##### RECORDS SHOWN

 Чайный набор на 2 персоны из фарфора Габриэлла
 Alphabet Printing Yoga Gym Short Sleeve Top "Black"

##########
##### RECORDS SHOWN

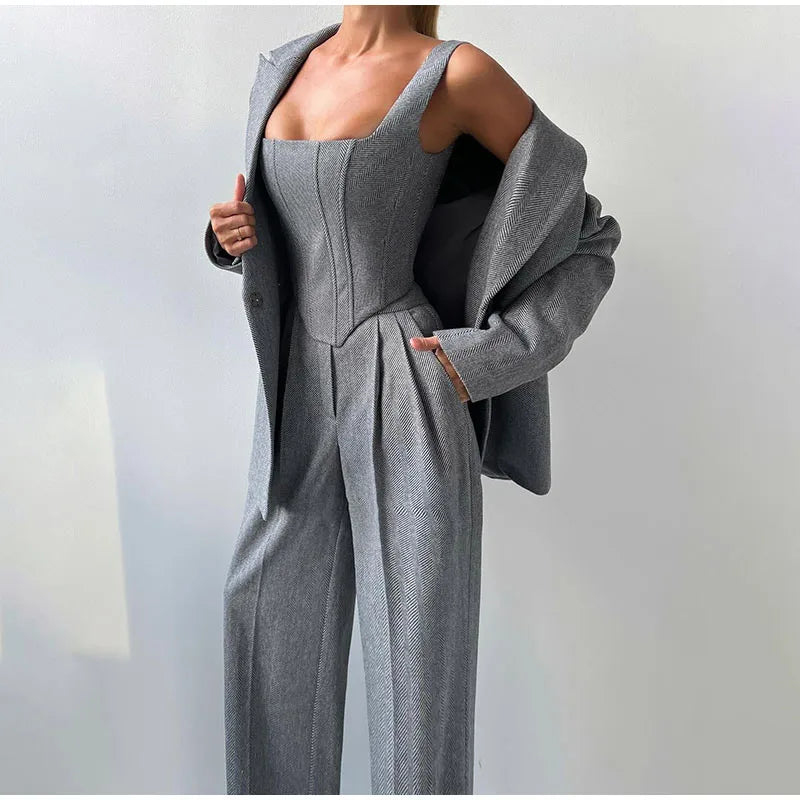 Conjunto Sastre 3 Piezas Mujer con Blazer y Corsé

##########
##### RECORDS SHOWN

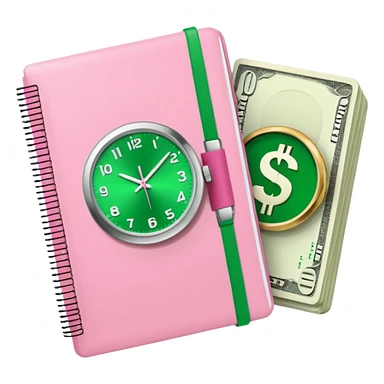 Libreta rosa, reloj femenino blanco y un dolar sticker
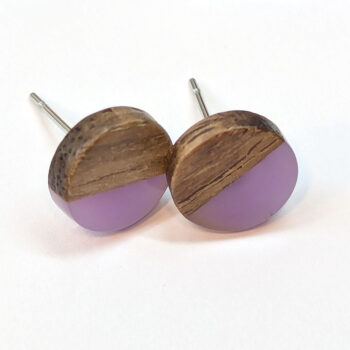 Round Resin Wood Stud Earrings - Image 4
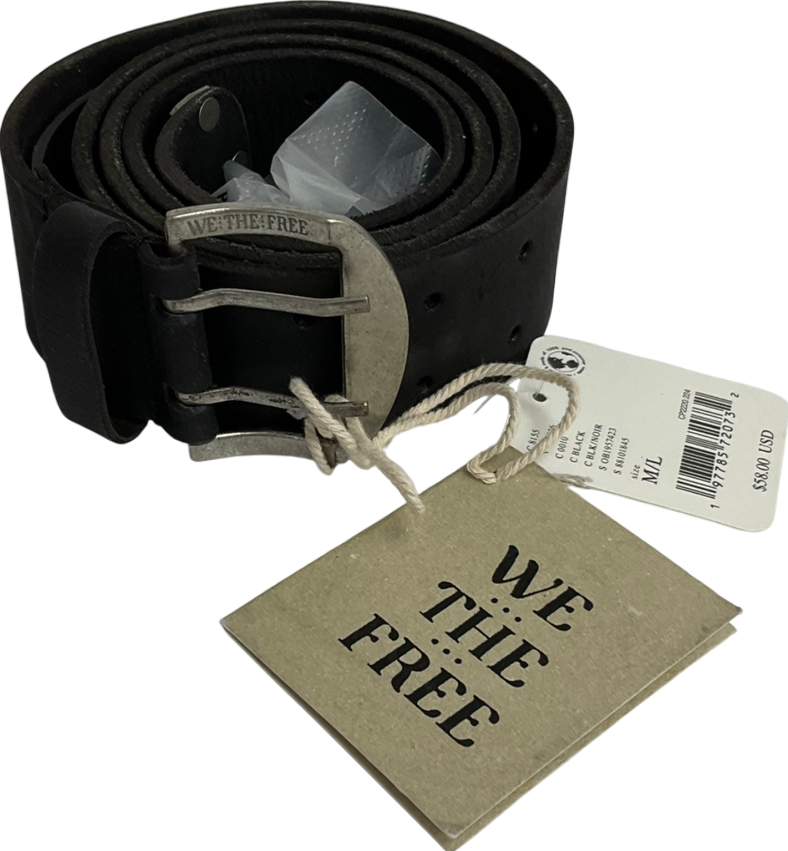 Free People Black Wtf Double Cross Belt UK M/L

##########

- TASK DESCRIPTION:
What to print is the stretch of entries from the line with "Libreta rosa, reloj" up to and including the line with "Free People Black". Please print it exactly and leave out the pictures.

- ANSWER SPACE:
 Libreta rosa, reloj femenino blanco y un dolar sticker
 Round Resin Wood Stud Earrings - Image 4
 Free People Black Wtf Double Cross Belt UK M/L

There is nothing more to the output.